Still interested? In the Washington area, there are no fewer than six organized polar plunges in January and February (many of them for charity), and those who participate range from tweens to octogenarians.

"It's scary," admitted Jean Rupard, 80, who plunged for her 13th time this year in North Beach, in Southern Maryland, where a New Year's Day dip into the bay is town tradition. "The rules are you're supposed to go in in a bathing suit, and you're supposed to go completely under, your whole head and everything. Then you can run right out real quick."

Except that it doesn't actually work that way. Though most people are in the water no more than a minute or two, the journey back to the shore is comically slow-motion, as plungers struggle to wade in on legs, feet and toes that have gone numb from cold. And thanks to the icy snap early this month, waters could be colder than in years past -- water temperatures in Annapolis dropped from 51 degrees to 34 degrees between December and the first week of January.

In North Beach, experienced plungers shed sweat pants, jackets and Uggs just moments before dashing into the water, and once they emerged (usually about a minute later), it was quickly into dry clothes and time for a hot drink.

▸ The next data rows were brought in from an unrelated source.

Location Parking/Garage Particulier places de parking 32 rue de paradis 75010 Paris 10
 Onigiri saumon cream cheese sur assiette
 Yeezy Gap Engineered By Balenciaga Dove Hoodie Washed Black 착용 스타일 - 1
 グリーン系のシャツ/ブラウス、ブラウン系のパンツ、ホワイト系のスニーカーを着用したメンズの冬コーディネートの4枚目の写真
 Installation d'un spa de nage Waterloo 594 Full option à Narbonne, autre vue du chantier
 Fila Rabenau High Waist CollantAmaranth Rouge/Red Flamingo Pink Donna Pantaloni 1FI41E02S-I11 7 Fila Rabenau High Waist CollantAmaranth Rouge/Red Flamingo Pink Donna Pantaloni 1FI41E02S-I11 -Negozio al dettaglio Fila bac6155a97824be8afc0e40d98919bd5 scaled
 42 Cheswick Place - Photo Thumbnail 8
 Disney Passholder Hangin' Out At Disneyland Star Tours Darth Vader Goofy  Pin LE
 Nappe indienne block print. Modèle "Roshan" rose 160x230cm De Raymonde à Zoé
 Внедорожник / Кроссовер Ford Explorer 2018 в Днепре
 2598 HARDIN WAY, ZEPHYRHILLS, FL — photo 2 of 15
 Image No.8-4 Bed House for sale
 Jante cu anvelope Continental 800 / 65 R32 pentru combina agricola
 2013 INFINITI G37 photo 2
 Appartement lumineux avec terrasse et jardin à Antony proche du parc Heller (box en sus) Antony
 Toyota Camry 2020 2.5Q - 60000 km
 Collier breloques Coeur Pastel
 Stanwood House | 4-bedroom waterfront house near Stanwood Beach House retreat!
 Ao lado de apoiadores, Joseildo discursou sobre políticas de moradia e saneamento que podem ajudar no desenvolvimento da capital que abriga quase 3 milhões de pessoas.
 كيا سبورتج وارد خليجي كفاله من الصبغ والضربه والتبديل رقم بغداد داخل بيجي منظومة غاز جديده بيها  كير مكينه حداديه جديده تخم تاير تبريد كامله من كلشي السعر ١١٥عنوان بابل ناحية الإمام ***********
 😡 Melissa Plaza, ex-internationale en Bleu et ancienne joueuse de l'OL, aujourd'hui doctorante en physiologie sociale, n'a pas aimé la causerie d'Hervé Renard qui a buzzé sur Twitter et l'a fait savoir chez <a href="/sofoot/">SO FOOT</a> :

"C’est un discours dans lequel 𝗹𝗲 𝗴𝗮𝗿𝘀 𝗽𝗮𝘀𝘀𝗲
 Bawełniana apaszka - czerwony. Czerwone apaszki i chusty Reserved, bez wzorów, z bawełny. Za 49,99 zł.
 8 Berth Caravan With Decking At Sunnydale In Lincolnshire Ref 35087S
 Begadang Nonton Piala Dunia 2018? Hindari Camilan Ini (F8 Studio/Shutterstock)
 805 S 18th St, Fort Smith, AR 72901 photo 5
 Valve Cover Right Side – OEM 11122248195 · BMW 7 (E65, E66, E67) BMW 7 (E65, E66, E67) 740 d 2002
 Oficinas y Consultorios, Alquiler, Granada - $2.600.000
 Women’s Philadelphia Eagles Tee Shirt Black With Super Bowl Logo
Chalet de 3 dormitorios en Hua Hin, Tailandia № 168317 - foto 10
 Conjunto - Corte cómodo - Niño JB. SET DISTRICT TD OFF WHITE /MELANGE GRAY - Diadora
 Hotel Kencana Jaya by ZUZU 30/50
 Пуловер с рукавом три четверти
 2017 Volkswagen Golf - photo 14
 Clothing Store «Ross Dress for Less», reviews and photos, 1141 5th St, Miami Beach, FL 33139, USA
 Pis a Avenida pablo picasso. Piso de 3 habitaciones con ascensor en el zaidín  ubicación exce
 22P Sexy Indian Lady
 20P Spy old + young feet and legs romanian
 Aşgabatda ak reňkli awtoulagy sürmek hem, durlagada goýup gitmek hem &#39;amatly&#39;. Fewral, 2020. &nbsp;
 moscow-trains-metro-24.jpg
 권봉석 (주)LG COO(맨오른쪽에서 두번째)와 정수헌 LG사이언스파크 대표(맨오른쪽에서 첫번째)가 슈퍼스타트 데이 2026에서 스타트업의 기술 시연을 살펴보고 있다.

In all, it takes just a few minutes to warm up again. Which wasn't enough to convince Jena Rider, who refused to take the leap with her boyfriend, Adam Visteen, explaining that she was a nurse. "You're at risk for hypothermia -- your core body drops below a certain temperature, and you go into that shock," she said, which could lead to bronchitis and pneumonia.

Even if you're in the water for a minute?

"No, probably not as much," she said. "But if you're someone who has a weakened immune system, I would not do this."